Veterans’ Reflections: Going to War in 1944

By Ian Graham
Emerging Media, Defense Media Activity

WASHINGTON, Nov. 5, 2010 – John J. Kushwara didn’t have to risk his life.

Unlike many of his fellow recruits at Camp Lejeune, N.C., in 1944, the 24-year-old Kushwara had volunteered to don the uniform and go to war. It was a choice, technically, but he didn’t consider it much of one. Though he had a perfectly good job at the time, he said, he knew his country needed him.

“I felt it was my duty to go,” he said. “I told my foreman if he didn’t let me go, I was going to quit. So he let me go.”

But fortune smiled on Kushwara after he enlisted. He had to take some leave during training to tend to his wife, who was sick at the time. The night before he returned to Camp Lejeune, his unit was sent to war, ultimately to Iwo Jima. Two friends he had planned to meet up with after the war didn’t make it back from the Pacific front.

At Lejeune, Kushwara became a bit of an oddity. Leadership didn’t know what to do with him, he said, so he ended up repeating infantry training 11 times. By the end, he joked, he was untouchable, because he knew the training course so well.

“I went through so many times, I knew where all the booby traps were,” he said.
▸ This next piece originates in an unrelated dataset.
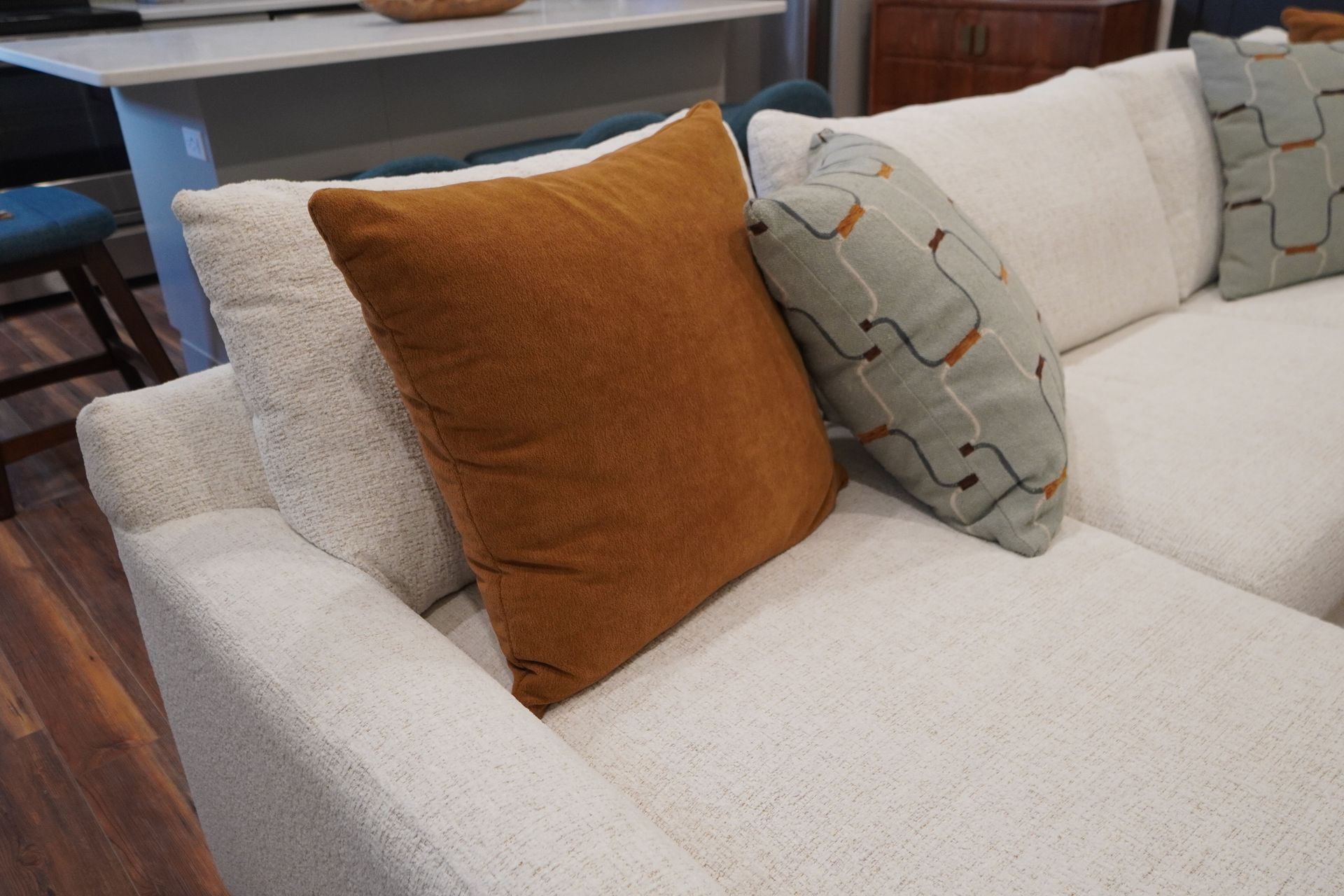 Cream-colored sectional sofa with orange, patterned, and white pillows.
His extensive infantry training came in handy when he finally was assigned to a new unit and sent to the Pacific. Thirty-one days on a boat took him to Okinawa, where he fought enemy soldiers and vicious weather.

“I went through a tidal wave and a typhoon in Okinawa. … I was only 24. I never thought I’d make it home,” Kushwara said. “We lived in a tomb for a while [to escape the weather], and had a truck parked outside. When the storm was over, the truck was gone. The waves took ships out of the water and put them on land.”

At one point on the island, Kushwara recalled, he had a moment of profound irony. Early into his time on Okinawa, he lost his dog tag.

“Later on, I was in the chow line, and I found a tag on the ground,” Kushwara said. “I was scratching the surface of it, and I [turned] to the fellow in front of me and said ‘Here’s a poor bastard [who] got killed,’ and it was my own dog tag.”

A few years ago, in his hometown of Wallingford, Conn., Kushwara was honored at the celebration of the Marine Corps birthday. He took part in the cake-cutting and was central to a ceremony with a young Marine, a moment he said he found very touching.

“I’m proud that I was a Marine. I’m proud that I stood for my country,” he said. “I could have stayed home, but I felt it was my duty to go. I’m very proud. Very, very, proud.”

(“Veterans’ Reflections” is a collection of stories of men and women who served their country in World War II, the Korean War, the Vietnam War, operations Desert Shield and Desert Storm, and the present-day conflicts. They will be posted throughout November in honor of Veterans Day.)